Welcome to the second edition of “R for Data Science”! This is a major reworking of the first edition, removing material we no longer think is useful, adding material we wish we included in the first edition, and generally updating the text and code to reflect changes in best practices. We’re also very excited to welcome a new co-author: Mine Çetinkaya-Rundel, a noted data science educator and one of our colleagues at Posit (the company formerly known as RStudio).
A brief summary of the biggest changes follows:
The first part of the book has been renamed to “Whole game”. The goal of this section is to give you the rough details of the “whole game” of data science before we dive into the details.
The second part of the book is “Visualize”. This part gives data visualization tools and best practices a more thorough coverage compared to the first edition.
The third part of the book is now called “Transform” and gains new chapters on numbers, logical vectors, and missing values.
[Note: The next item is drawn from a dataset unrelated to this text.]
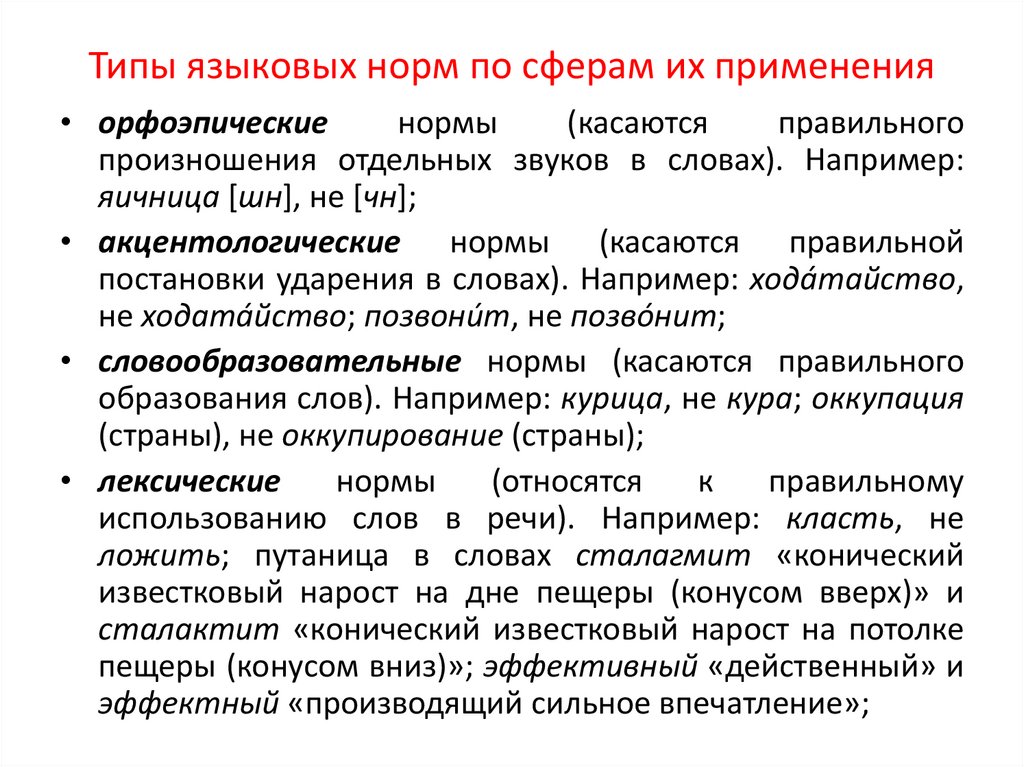 10 языковые нормы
These were previously parts of the data transformation chapter, but needed much more room.
The fourth part of the book is called “Import”. It’s a new set of chapters that goes beyond reading flat text files to now embrace working with spreadsheets, getting data out of databases, working with big data, rectangling hierarchical data, and scraping data from web sites.
The “Program” part continues, but has been rewritten from top-to-bottom to focus on the most important parts of function writing and iteration. Function writing now includes sections on how to wrap tidyverse functions (dealing with the challenges of tidy evaluation), since this has become much easier over the last few years. We’ve added a new chapter on important Base R functions that you’re likely to see when reading R code found in the wild.
The modeling part has been removed. We never had enough room to fully do modelling justice, and there are now much better resources available. We generally recommend using the tidymodels packages and reading Tidy Modeling with R by Max Kuhn and Julia Silge.
The communicate part continues as well, but features Quarto instead of R Markdown as the tool of choice for authoring reproducible computational documents.
Other changes include switching from magrittr’s pipe (%>%
) to the base pipe (|>
) and switching the book’s source from RMarkdown to Quarto.